> **WHAT YOU ARE ASKED TO DO**:
Repeat every record below exactly, leaving out the pictures.
━━━━━━━━━━━━━━━━
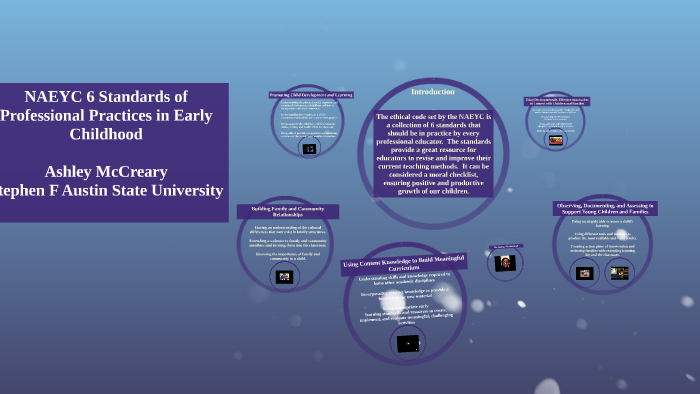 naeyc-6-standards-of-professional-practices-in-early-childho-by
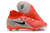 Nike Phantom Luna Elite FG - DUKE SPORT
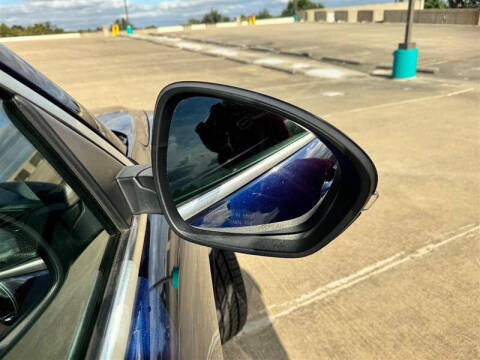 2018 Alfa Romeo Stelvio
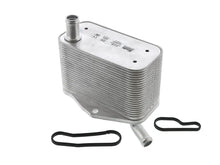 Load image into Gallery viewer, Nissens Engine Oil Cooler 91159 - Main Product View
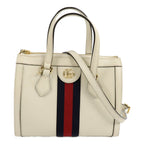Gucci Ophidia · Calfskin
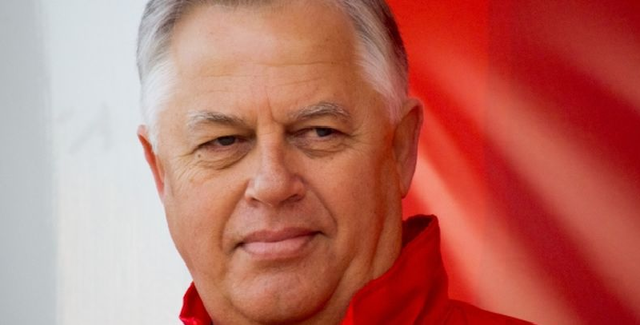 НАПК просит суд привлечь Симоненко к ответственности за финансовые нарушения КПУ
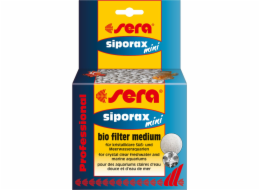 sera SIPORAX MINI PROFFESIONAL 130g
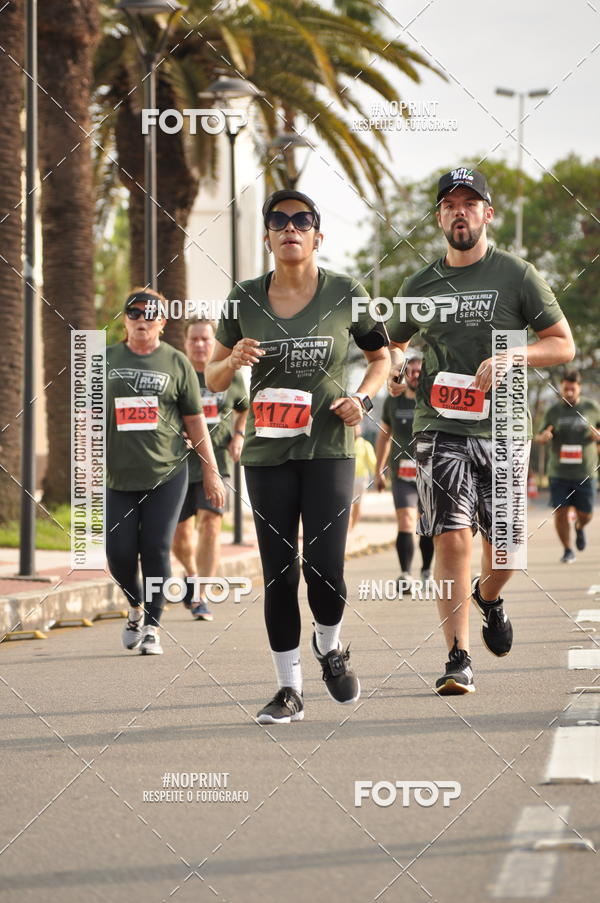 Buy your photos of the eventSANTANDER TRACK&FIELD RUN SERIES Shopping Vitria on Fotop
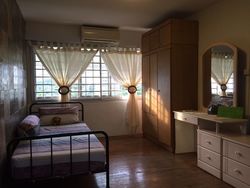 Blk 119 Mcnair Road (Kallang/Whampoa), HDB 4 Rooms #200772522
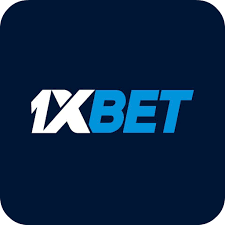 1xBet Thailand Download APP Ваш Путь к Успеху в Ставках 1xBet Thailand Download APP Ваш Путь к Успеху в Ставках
━━━━━━━━━━━━━━━━
> **SOLUTION**:
 naeyc-6-standards-of-professional-practices-in-early-childho-by
 Nike Phantom Luna Elite FG - DUKE SPORT
 2018 Alfa Romeo Stelvio
 Load image into Gallery viewer, Nissens Engine Oil Cooler 91159 - Main Product View
Gucci Ophidia · Calfskin
 НАПК просит суд привлечь Симоненко к ответственности за финансовые нарушения КПУ
 sera SIPORAX MINI PROFFESIONAL 130g
 Buy your photos of the eventSANTANDER TRACK&FIELD RUN SERIES Shopping Vitria on Fotop
 Blk 119 Mcnair Road (Kallang/Whampoa), HDB 4 Rooms #200772522
 1xBet Thailand Download APP Ваш Путь к Успеху в Ставках 1xBet Thailand Download APP Ваш Путь к Успеху в Ставках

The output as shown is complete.